Research and analysis: Gemini has advanced capabilities for summarizing long reports, analyzing large datasets and providing deep insights.
Agentic AI features: These allow Gemini to act autonomously on behalf of users, plan multi-step tasks and interact with external systems such as Google Search and Maps.
Coding assistance: The Pro version makes additional advancements beyond UI-focused development, with improvements extending to other coding tasks such as code transformation, code editing and developing complex agentic workflows.
Data visualization: Gemini can process and visualize large amounts of data from spreadsheets and CSV files.
Video generation: Gemini has the ability to convert text prompts into short videos.
Industry-specific use cases for Gemini AI
A wide range of industries and sectors are incorporating Gemini’s capabilities into various functions and tasks, transforming their work. For many of these industry-specific tasks or services, Gemini AI is used in conjunction with other Google products, including Google Workspace. Some of the most popular use cases are described below.
Banking and Financial Industry
In the banking, financial services and insurance industries, Gemini is being leveraged to create personalized and predictive experiences through AI-enhanced chatbots. Other client-facing use cases include customer onboarding and insurance claims processing.
Internally, Gemini can be used for in-depth and secure financial research, including processing vast volumes of financial and other data. It’s also making it faster and more efficient for maintaining accurate client documentation, like customer service records.
Business and Professional Services
For various business consultants and professional organizations, Gemini is being used to improve communications, including email communications via Google Workspace. The model’s ability to quickly translate into multiple languages is crucial for global companies.
Gemini can also speed up internal operations processes through tasks like:
- Advanced document search
- Fast and efficient video transcription
- Summaries generated from long documents and videos
Limitations of Gemini that must be considered
Google notes that their research aimed at upgrades and improvements continues in all aspects of the various Gemini models, including addressing potential limitations with LLMs and multimodal AI.

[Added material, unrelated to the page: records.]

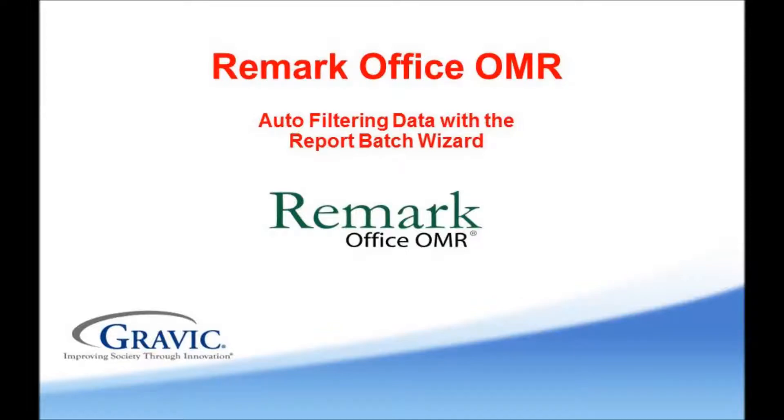Welcome to the Remark Software YouTube channel. With this video tutorial, we will be demonstrating how to use the Report Batch Wizard to auto-filter data collected in Remark Office OMR.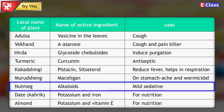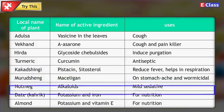Local name of plant: Nutmeg. Name of active ingredient: Alkaloids. Uses: Mild sedative.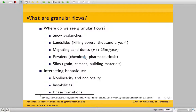They also exist in this sort of weird space between being a solid, being a liquid, being a gas, and they can switch between these quite at will. So they exhibit phase transitions quite naturally. Those are some of the reasons why it's really important to understand granular flows and why it's really cool to study them.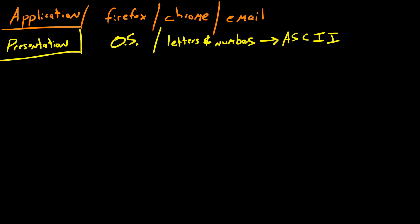Now the next layer is actually the session layer. If you're familiar with PHP programming or anything like that, then you already know what a session is. A session is pretty much a conversation between two computers.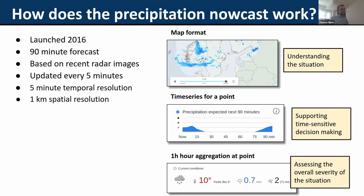On YR we have a 90-minute precipitation nowcast that we launched in 2016, about five years ago. It's a very popular product. People are more and more interested in the nowcasting timescale — this has been a bigger focus for us in recent years and nowcasting has become quite important.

Some of the potential areas of concern that Google addresses include the following:
- Accuracy: Gemini’s responses might be inaccurate, especially when asked about complex or factual topics
- Bias: Gemini’s responses might reflect biases present in its training data
- Multiple perspectives: Gemini’s responses might fail to show a range of views
- Persona: Gemini’s responses might incorrectly suggest it has personal opinions or feelings
- False positives and false negatives: Gemini might not respond to some appropriate prompts and provide inappropriate responses to others
- Vulnerability to adversarial prompting: Users will find ways to stress test Gemini with nonsensical prompts or questions rarely asked in the real world
The future of Gemini AI: Innovation and responsibility
Gemini AI represents a significant advancement in multimodal artificial intelligence, empowering individuals, businesses and developers with robust tools that seamlessly combine text, image, audio, video and coding capabilities. As its models continue to evolve, users can expect Gemini’s innovative features to further expand their possibilities across various applications, from complex coding tasks to advanced research and creative projects.
However, like all powerful technologies, responsible use is paramount. Users should remain aware of Gemini’s limitations—such as accuracy, potential biases and vulnerabilities—and adopt best practices to mitigate risks. Ultimately, Gemini’s continued refinement promises to shape how we interact, create and innovate in our increasingly interconnected world.